Write out the entries, please, from the line containing "Hüdaverdi derneği Afrika’da" through their final line, exactly and with nothing else.

EXCERPTED RECORDS Start Marker

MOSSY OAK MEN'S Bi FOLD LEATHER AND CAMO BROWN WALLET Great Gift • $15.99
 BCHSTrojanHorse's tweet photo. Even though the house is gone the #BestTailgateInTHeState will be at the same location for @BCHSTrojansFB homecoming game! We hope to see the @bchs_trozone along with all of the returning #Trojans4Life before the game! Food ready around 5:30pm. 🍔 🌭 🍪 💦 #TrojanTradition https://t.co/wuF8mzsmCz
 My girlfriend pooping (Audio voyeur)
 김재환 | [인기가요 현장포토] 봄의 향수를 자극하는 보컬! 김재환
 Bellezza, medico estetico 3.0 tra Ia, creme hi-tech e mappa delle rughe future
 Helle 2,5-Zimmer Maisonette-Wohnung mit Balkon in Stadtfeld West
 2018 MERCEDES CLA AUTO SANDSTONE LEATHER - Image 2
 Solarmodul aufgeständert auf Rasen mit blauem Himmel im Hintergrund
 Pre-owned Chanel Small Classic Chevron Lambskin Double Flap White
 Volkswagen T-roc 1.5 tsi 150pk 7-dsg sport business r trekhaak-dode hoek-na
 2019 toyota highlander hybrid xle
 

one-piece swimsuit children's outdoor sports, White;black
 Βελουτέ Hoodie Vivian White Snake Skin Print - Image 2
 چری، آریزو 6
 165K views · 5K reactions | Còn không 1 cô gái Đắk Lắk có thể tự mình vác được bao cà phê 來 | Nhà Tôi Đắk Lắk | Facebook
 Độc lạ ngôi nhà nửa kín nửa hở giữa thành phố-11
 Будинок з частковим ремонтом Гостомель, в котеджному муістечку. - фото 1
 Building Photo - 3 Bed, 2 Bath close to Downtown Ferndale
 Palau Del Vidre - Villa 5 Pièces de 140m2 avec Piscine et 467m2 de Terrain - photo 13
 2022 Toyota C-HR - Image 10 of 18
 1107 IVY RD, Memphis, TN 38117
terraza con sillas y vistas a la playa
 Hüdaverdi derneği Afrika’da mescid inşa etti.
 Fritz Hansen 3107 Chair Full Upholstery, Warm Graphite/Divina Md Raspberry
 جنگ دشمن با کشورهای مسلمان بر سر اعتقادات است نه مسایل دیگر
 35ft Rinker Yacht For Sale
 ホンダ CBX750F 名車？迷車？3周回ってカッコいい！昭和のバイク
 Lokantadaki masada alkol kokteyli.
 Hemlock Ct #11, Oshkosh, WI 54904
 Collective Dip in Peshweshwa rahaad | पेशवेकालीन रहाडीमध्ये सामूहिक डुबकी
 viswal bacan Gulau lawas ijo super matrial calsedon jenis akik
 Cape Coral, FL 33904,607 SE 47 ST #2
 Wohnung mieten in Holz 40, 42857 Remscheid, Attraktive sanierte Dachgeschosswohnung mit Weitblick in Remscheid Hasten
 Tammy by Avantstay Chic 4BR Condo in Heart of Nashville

EXCERPTED RECORDS End Marker

EXERCISE ANSWER:
 Hüdaverdi derneği Afrika’da mescid inşa etti.
 Fritz Hansen 3107 Chair Full Upholstery, Warm Graphite/Divina Md Raspberry
 جنگ دشمن با کشورهای مسلمان بر سر اعتقادات است نه مسایل دیگر
 35ft Rinker Yacht For Sale
 ホンダ CBX750F 名車？迷車？3周回ってカッコいい！昭和のバイク
 Lokantadaki masada alkol kokteyli.
 Hemlock Ct #11, Oshkosh, WI 54904
 Collective Dip in Peshweshwa rahaad | पेशवेकालीन रहाडीमध्ये सामूहिक डुबकी
 viswal bacan Gulau lawas ijo super matrial calsedon jenis akik
 Cape Coral, FL 33904,607 SE 47 ST #2
 Wohnung mieten in Holz 40, 42857 Remscheid, Attraktive sanierte Dachgeschosswohnung mit Weitblick in Remscheid Hasten
 Tammy by Avantstay Chic 4BR Condo in Heart of Nashville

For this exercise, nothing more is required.